──────── Dataset records

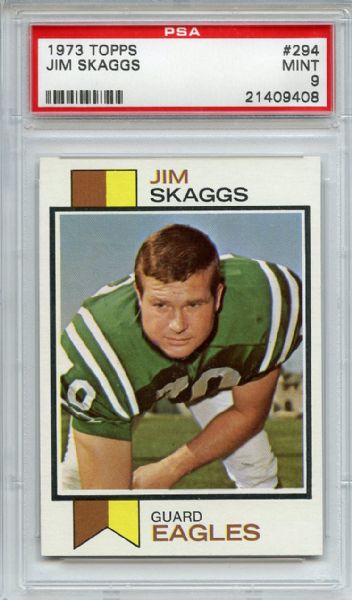 1973 Topps 294 Jim Skaggs PSA MINT 9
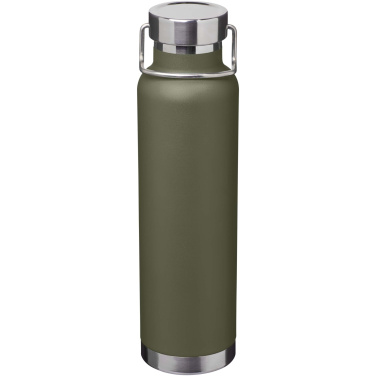 Logotrade Geschäftsgeschenke das Foto: Thor 650 ml RCS-zertifizierte Kupfer-Vakuum Isolierflasche aus recyceltem Edelstahl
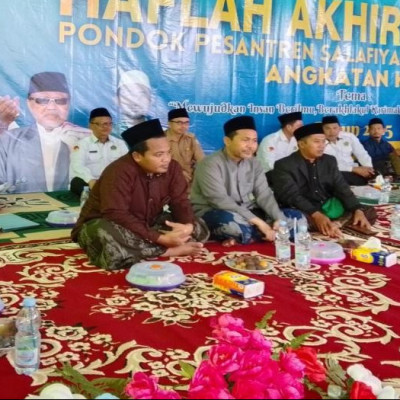 Kepala KUA Kecamatan Sukaraja Menghadiri Acara Haflah Akhirussanah Di Pondok Pesantren Darul Musthofa Desa Babatan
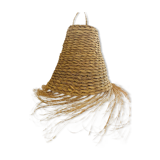 Rattan and wicker pendant lamp, bohemian lampshade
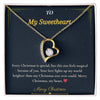 Forever Love Necklace – Elegant Christmas Gift for Wife | Romantic Jewelry That Expresses Endless Devotion | Timeless Keepsake She'll Cherish Forever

────────────────

Task instructions ->
Give the entries above again, exactly as written and free of images.

The answer ->
 1973 Topps 294 Jim Skaggs PSA MINT 9
 Logotrade Geschäftsgeschenke das Foto: Thor 650 ml RCS-zertifizierte Kupfer-Vakuum Isolierflasche aus recyceltem Edelstahl
 Kepala KUA Kecamatan Sukaraja Menghadiri Acara Haflah Akhirussanah Di Pondok Pesantren Darul Musthofa Desa Babatan
 Rattan and wicker pendant lamp, bohemian lampshade
 Forever Love Necklace – Elegant Christmas Gift for Wife | Romantic Jewelry That Expresses Endless Devotion | Timeless Keepsake She'll Cherish Forever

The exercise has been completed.